BEGIN Supplied entries

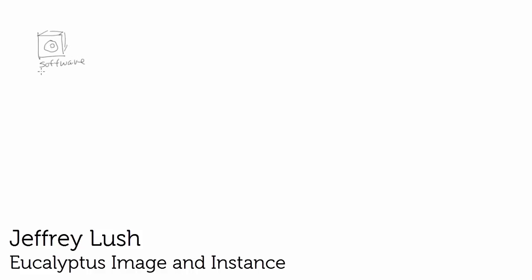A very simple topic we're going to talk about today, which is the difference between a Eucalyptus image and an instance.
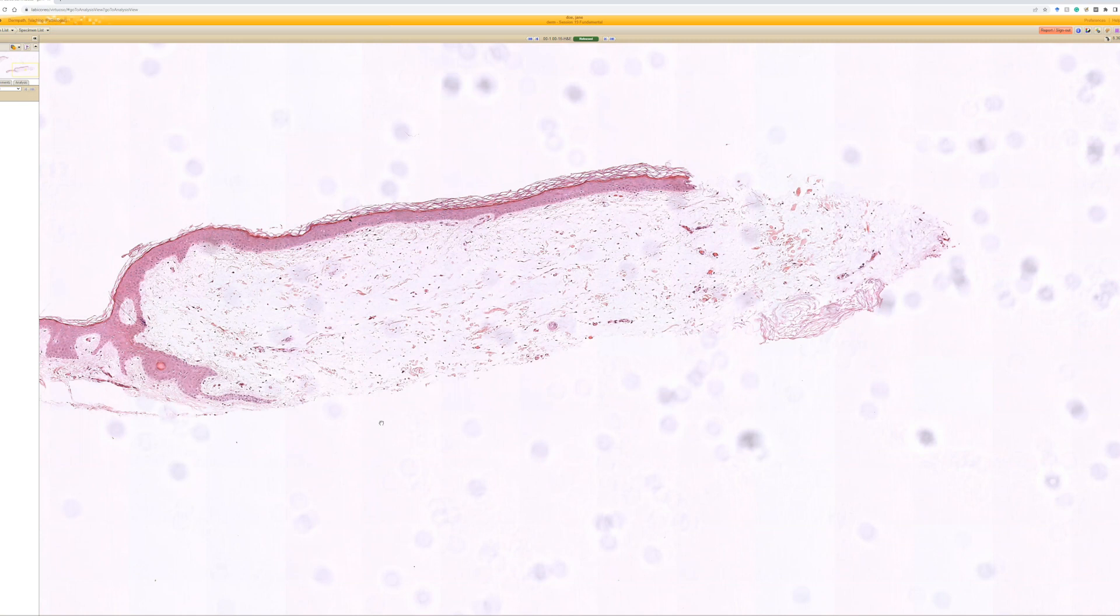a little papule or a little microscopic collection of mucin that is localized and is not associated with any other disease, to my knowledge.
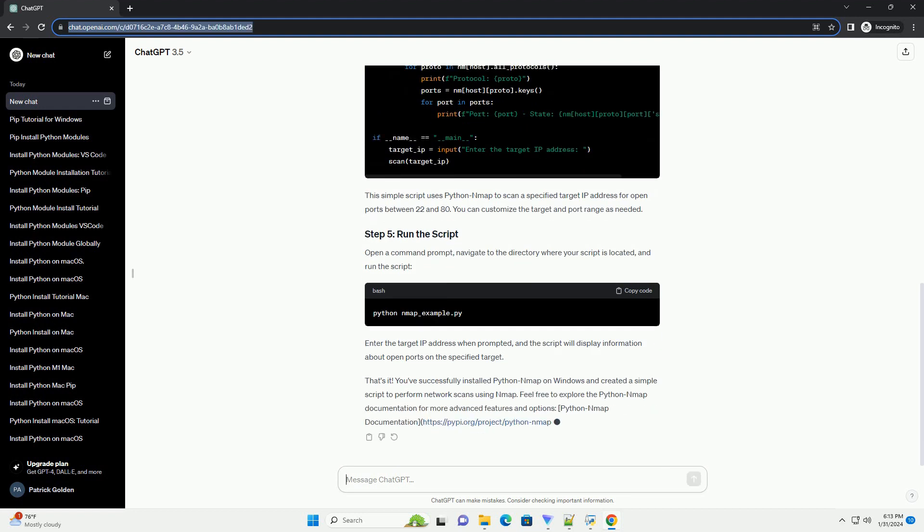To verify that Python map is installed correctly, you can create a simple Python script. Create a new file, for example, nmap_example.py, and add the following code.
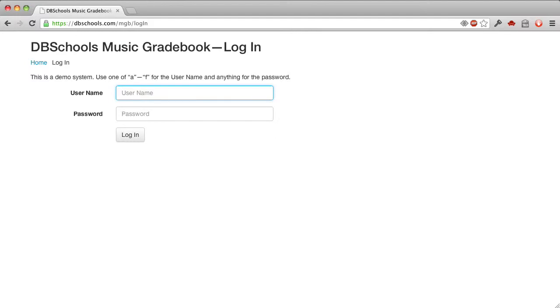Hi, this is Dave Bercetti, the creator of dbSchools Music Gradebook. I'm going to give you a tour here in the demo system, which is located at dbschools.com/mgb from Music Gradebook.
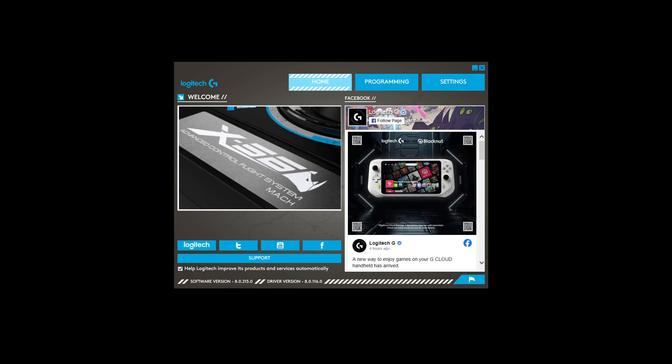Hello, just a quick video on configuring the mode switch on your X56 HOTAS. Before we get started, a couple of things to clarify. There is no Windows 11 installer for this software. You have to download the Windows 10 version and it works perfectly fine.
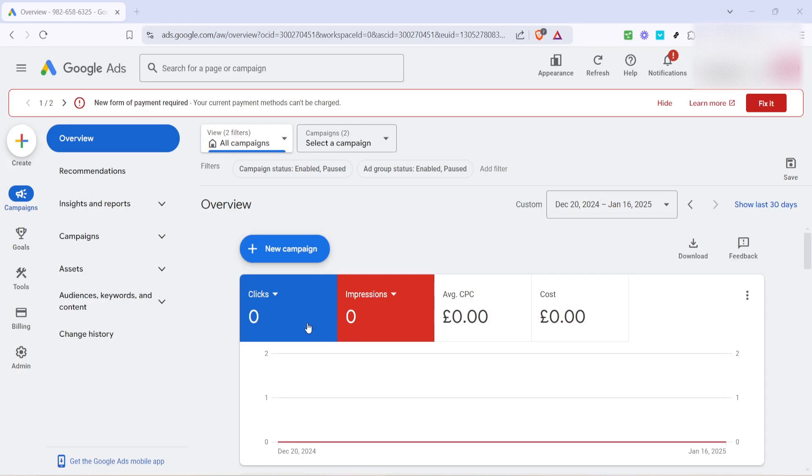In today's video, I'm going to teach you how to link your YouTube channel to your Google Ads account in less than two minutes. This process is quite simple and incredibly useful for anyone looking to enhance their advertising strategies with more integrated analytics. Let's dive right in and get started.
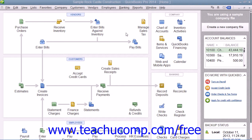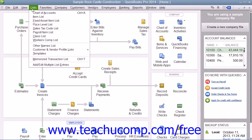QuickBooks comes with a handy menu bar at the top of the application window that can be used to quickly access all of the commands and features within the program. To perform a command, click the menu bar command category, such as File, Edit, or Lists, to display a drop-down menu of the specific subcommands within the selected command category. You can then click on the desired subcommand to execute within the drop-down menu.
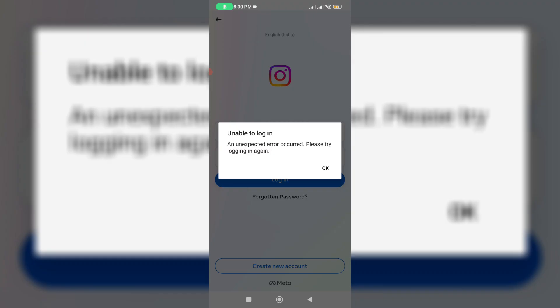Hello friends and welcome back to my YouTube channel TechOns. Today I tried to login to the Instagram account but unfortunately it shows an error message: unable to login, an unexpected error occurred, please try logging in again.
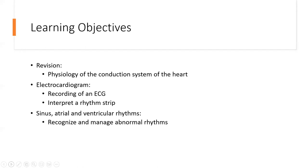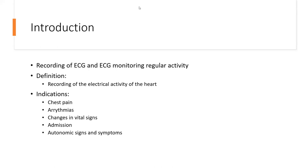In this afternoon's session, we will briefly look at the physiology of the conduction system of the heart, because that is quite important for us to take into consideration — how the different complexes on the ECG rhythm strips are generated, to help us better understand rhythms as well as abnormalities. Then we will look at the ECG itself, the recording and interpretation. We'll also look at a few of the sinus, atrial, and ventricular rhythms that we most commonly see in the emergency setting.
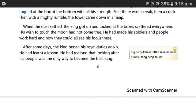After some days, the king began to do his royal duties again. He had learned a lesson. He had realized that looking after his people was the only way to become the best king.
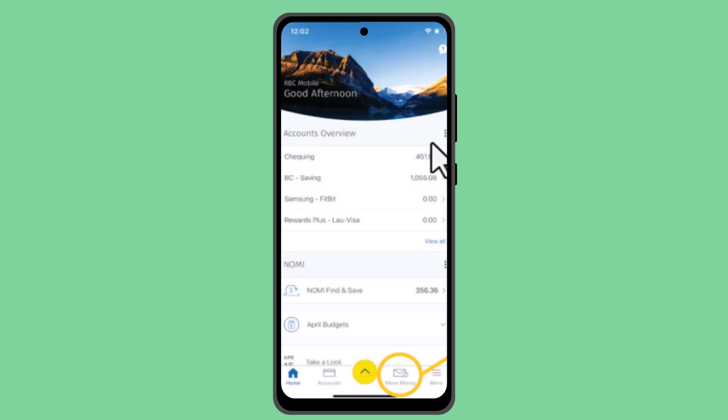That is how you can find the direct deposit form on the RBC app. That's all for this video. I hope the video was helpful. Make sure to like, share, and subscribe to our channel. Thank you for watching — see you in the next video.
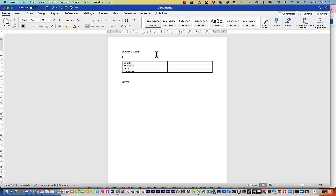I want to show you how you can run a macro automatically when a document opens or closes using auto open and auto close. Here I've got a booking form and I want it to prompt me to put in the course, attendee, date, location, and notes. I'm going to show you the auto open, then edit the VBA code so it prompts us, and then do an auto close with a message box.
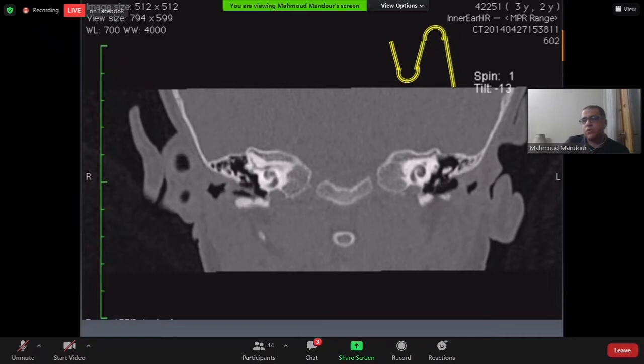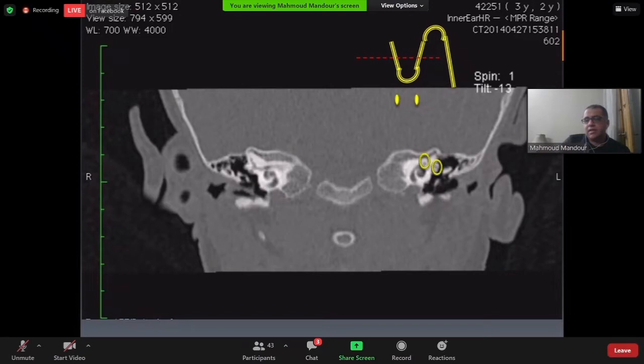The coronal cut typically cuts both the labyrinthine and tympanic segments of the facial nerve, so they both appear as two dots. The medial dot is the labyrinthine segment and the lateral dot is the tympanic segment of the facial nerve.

END Supplied entries
BEGIN Supplied entries

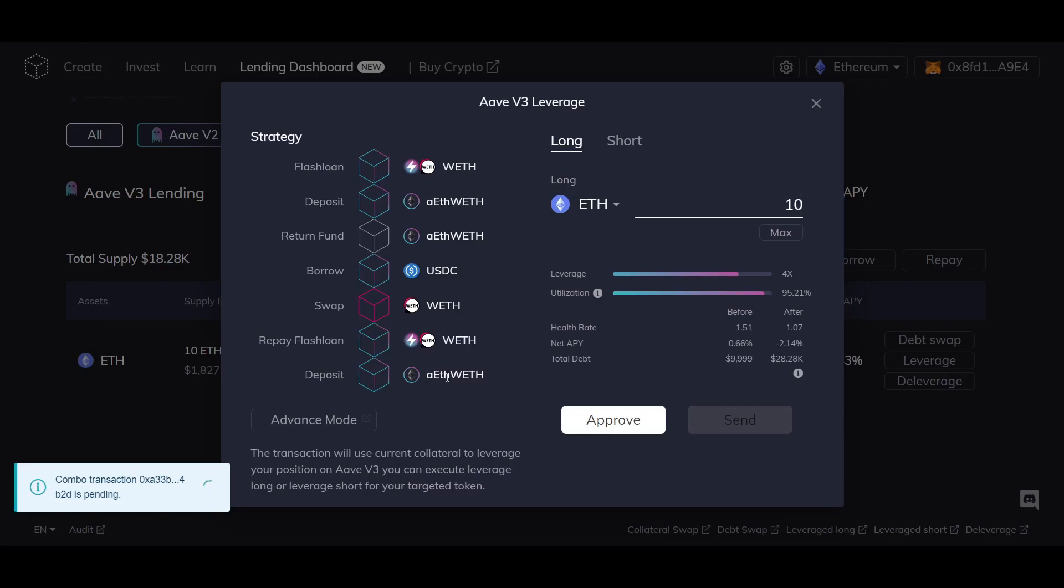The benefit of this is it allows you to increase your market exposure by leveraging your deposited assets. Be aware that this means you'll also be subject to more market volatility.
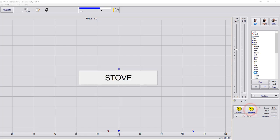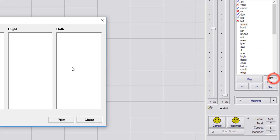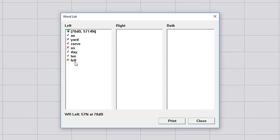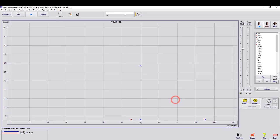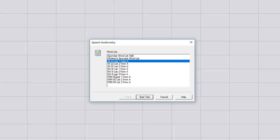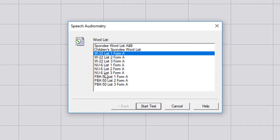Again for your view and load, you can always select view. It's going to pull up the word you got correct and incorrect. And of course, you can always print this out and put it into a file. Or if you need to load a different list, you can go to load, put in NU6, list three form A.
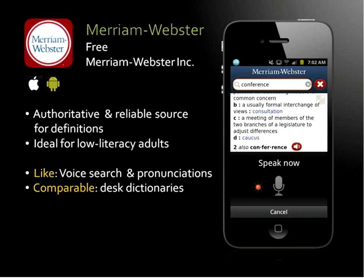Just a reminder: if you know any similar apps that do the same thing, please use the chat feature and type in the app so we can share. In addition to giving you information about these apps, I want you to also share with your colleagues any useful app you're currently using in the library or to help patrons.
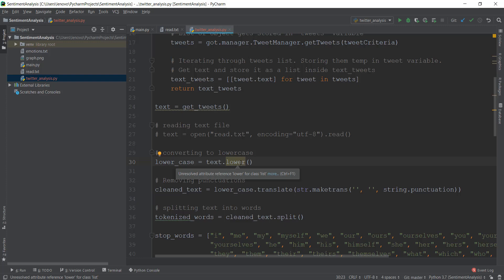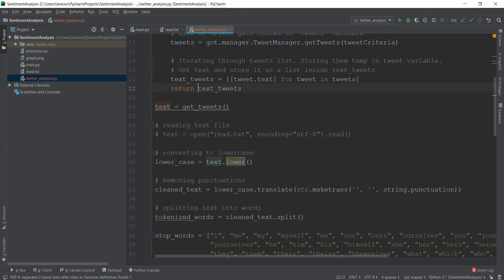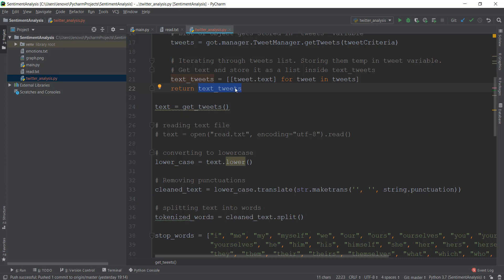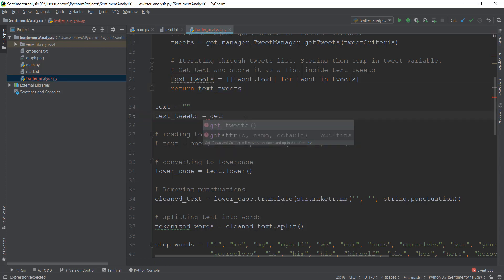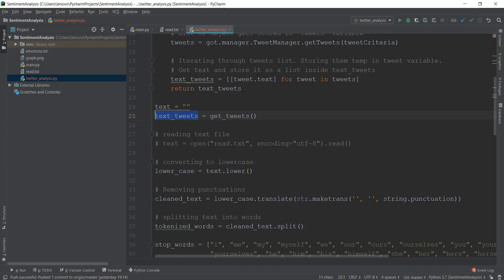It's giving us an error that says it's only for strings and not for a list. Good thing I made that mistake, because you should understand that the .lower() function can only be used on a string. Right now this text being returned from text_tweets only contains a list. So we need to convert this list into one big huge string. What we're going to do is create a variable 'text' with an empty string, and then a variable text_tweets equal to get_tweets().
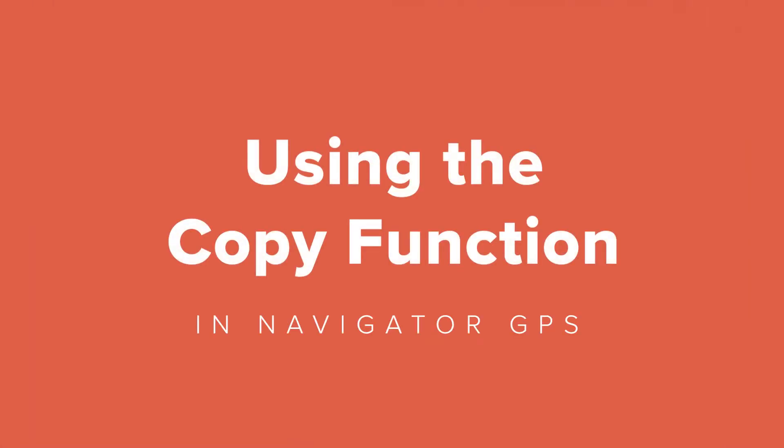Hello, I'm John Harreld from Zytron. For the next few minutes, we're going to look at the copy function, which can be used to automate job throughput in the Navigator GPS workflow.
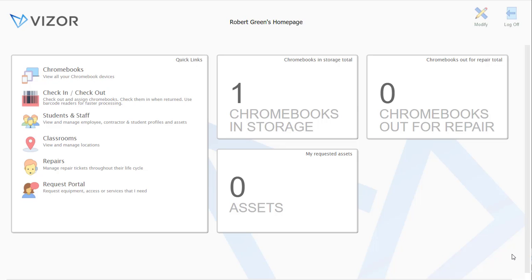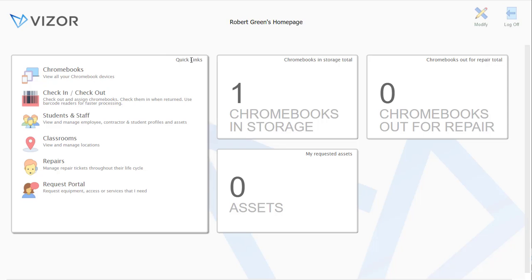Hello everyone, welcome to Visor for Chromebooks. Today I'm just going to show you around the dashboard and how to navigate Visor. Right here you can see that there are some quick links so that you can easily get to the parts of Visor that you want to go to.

END Supplied entries

To do
What you write out is the stretch of entries from the line containing "Hello friends and" to the line containing "The coronal cut", word for word, with both end lines and no pictures.

Answer box
Hello friends and welcome back to my YouTube channel TechOns. Today I tried to login to the Instagram account but unfortunately it shows an error message: unable to login, an unexpected error occurred, please try logging in again.
In this afternoon's session, we will briefly look at the physiology of the conduction system of the heart, because that is quite important for us to take into consideration — how the different complexes on the ECG rhythm strips are generated, to help us better understand rhythms as well as abnormalities. Then we will look at the ECG itself, the recording and interpretation. We'll also look at a few of the sinus, atrial, and ventricular rhythms that we most commonly see in the emergency setting.
After some days, the king began to do his royal duties again. He had learned a lesson. He had realized that looking after his people was the only way to become the best king.
That is how you can find the direct deposit form on the RBC app. That's all for this video. I hope the video was helpful. Make sure to like, share, and subscribe to our channel. Thank you for watching — see you in the next video.
I want to show you how you can run a macro automatically when a document opens or closes using auto open and auto close. Here I've got a booking form and I want it to prompt me to put in the course, attendee, date, location, and notes. I'm going to show you the auto open, then edit the VBA code so it prompts us, and then do an auto close with a message box.
The coronal cut typically cuts both the labyrinthine and tympanic segments of the facial nerve, so they both appear as two dots. The medial dot is the labyrinthine segment and the lateral dot is the tympanic segment of the facial nerve.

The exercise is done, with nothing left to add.